Chronologie d'un party éphémère

Publié le 28 juin 2017 par Édouard Guay

Crédit photo : Republic

Depuis la parution de son premier album Pure Heroine, tout est allé si vite pour Lorde (de son vrai nom Ella Marija Lani Yelich-O'Connor). Propulsée au rang de superstar à 17 ans, en tête d’affiche de toutes les programmations de festivals, la jeune Néo-zélandaise a vécu son adolescence sous les feux de la rampe, ce qui ne l’a pas empêché de garder toute sa lucidité.

Maintenant adulte, O’Connor aborde le passage à l’âge de la raison sur Melodrama, qui paraît quatre ans après son premier long jeu, ce qui représente une éternité dans le monde musical moderne. Lorde échappe cependant au piège du deuxième album en proposant des pièces matures, riches et torturées, enveloppées de productions variées, tantôt mélancoliques, tantôt entraînantes.

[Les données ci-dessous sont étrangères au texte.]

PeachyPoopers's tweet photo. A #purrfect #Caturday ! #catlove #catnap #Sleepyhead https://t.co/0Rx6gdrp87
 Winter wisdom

Alors que plusieurs de ses collègues du même âge évoquent des sujets superficiels dans leurs compositions, Lorde adopte une approche métaphysique de la jeunesse hédoniste. Hantée par la déception amoureuse et la quête de soi, la jeune artiste a pris le temps qu’il faut pour songer à tout ce qui la ronge durant son passage à l’âge adulte: quel sens doit-on trouver à tous ces partys sans lendemain? À quoi s’accrocher lorsque la fête se termine? Ces introspections et cette sagesse se transposent de brillante façon sur Melodrama, dont l’ambivalence et la complexité étonnent et se révèlent progressivement à nous au fil des écoutes.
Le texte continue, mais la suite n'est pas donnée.